On le voit, la Grande-Bretagne est la plus puissante des puissances militaires ; il ne lui suffit plus de l’être sur mer, elle tend à se développer sur terre ; il y a là de quoi faire réfléchir l’Europe, et aussi de quoi dissiper la légende qui représente l’Angleterre comme exclusivement consacrée aux œuvres de la civilisation et de la paix. Il s’établit naturellement, inévitablement, une sorte d’équation entre la politique suivie et l’armée destinée à la défendre. On se rend de plus en plus compte, à Londres, de cette nécessité. Tous les jours, on y parle d’augmenter encore une force qui est déjà prodigieuse, et des crédits nouveaux s’ajoutent aux crédits anciens.
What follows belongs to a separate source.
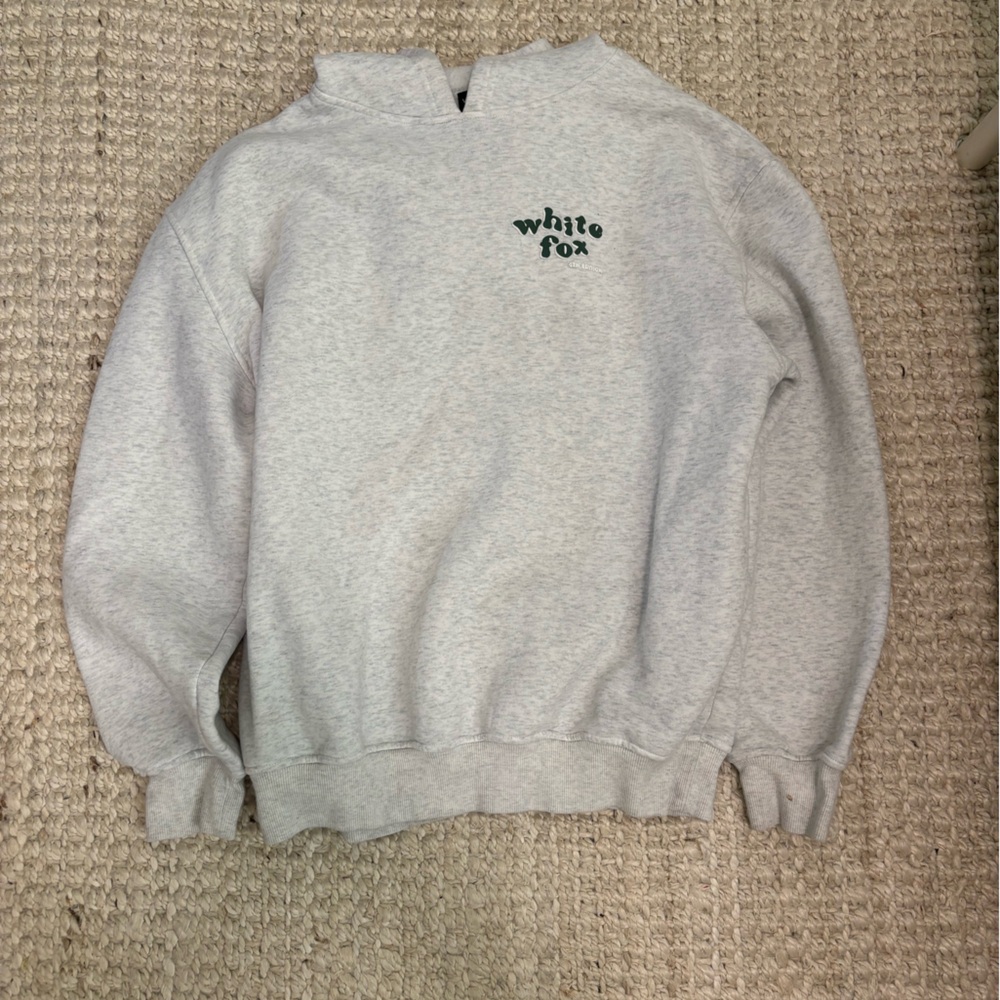 Gray and Green White Fox hoodie Size M/L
Néanmoins, qui peut annoncer avec certitude le dénouement de la guerre actuelle ? Les problèmes politiques et militaires ne comportent pas seulement des données matérielles, et peut-être y a-t-il, comme disait Gambetta, une justice immanente des choses, ou, comme le dit plus simplement M. Krüger, une justice divine qui intervient à son heure et qui, en toutes choses, a le dernier mot.


Francis Charmes.
Le Directeur-gérant,
F. Brunetière.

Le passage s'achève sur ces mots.